17. On 21 December 2016, the Respondent informed the CAS that it accepted the proposal to refer the case to a sole arbitrator as long as he/she would be chosen from the so called “Football list”. In addition, FIFA communicated that it did not oppose the request to stay the execution of the Appealed Decision. Considering the agreement of the Parties, the CAS Court Office confirmed on the same day that the effects of the Appealed Decision were stayed.
18. On 22 December 2016, the Appellant confirmed its agreement that a sole arbitrator be appointed from the so called “Football list”.
19. On 23 December 2016 Sport Luanda filed its Appeal Brief, pursuant to Article R51 of the Code.
20. On 13 January 2017, the Parties were informed that the Sole Arbitrator appointed to decide the present matter was Mr Jacopo Tognon, professor and Attorney-at-Law in Padova, Italy.
21. On 10 February 2017, FIFA filed its Answer, pursuant to Article R55 of the Code.

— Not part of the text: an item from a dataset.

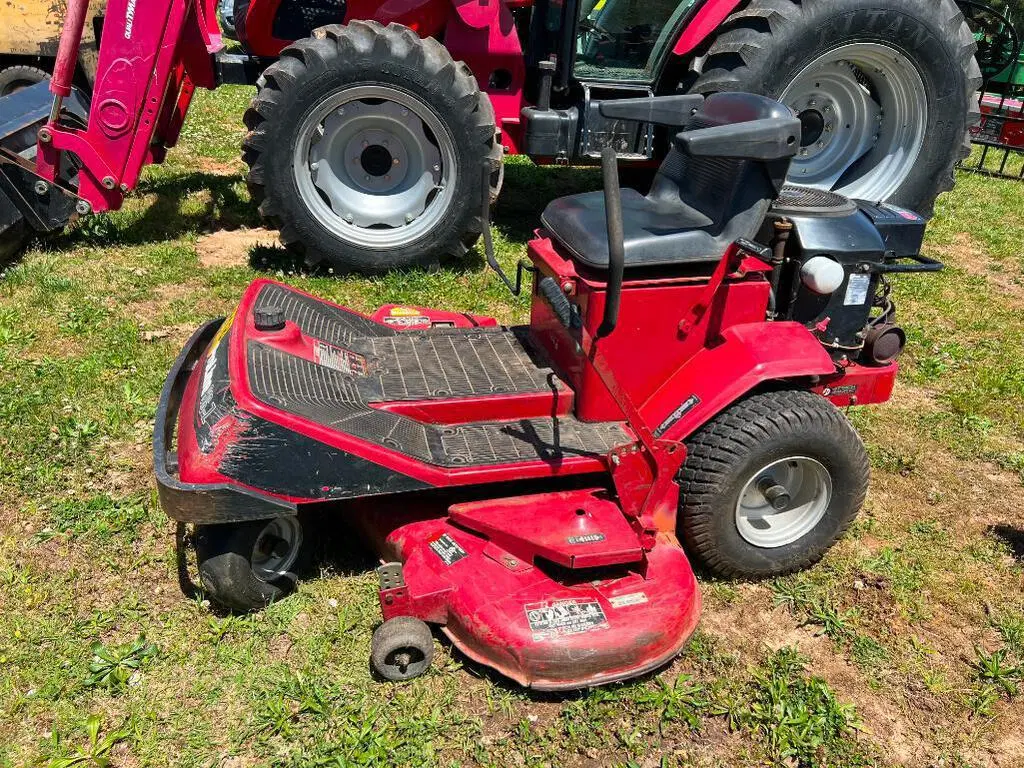 Toro Proline 616-Z Lawn Tractor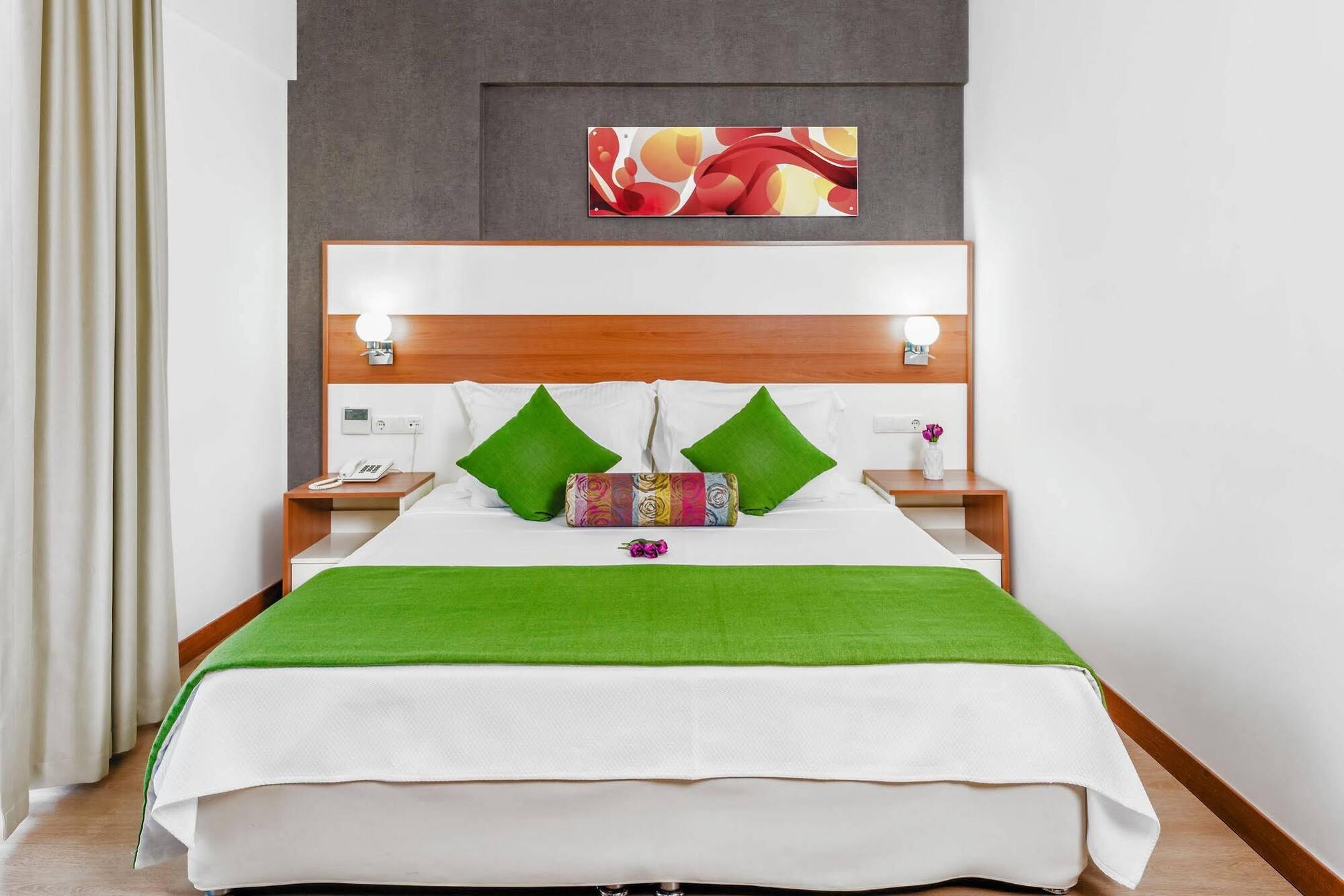 Hotel Ege Tulip Çeşme Exterior foto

22. On 15 February 2017, the Respondent informed the CAS Court Office that it preferred that a decision be issued solely based on the Parties’ written submissions.
23. On 21 February 2017, the Appellant informed the CAS Court Office that it also preferred that a decision be issued solely based on the Parties’ written submissions.
24. On 2 March 2017, the Parties were informed that the Sole Arbitrator had decided not to hold a hearing in these proceedings.
25. By returning signed Orders of Procedure on 7 and 8 March 2017, the Parties confirmed their agreement that this matter be decided on the basis of the Parties’ written submissions and confirmed CAS’ jurisdiction to hear the appeal.
IV. SUBMISSIONS OF THE PARTIES
26. Sport Luanda’s submissions may be summarised, in essence, as follows:
- The fine decided by the FIFA DC is sixteen (16) times higher than the minimum limit. With regard to this, the FIFA DC did not state a single word about the financial conditions of the Appellant, including the circumstance that Sport Luanda is a semi-amateur club and that this case was the first disciplinary offence perpetrated by the club.
- The FIFA DC simply ignored the extreme exchange crisis that Angola is facing since the end of 2015. As a consequence, it is almost impossible to exchange currency since the exchange rates are increasing day by day.
- In relation to the 3-point deduction sanction, the Appellant stated as follows: “three points are what a team conquers with a win game, which requires an entire week of preparation, an entire day of concentration, the mobilization of a lot of other resources of the team and, at the end, to score one more goal than the opponent, on the pitch. Thus, by sanctioning the Appellant in the deducting of those points, the decision is erasing all the effort, emotions and strength and time that every player, coaches and team supporters dedicated to that match” (paras. 16 and 17 of the Statement of Appeal and para. 7 of the Appeal Brief).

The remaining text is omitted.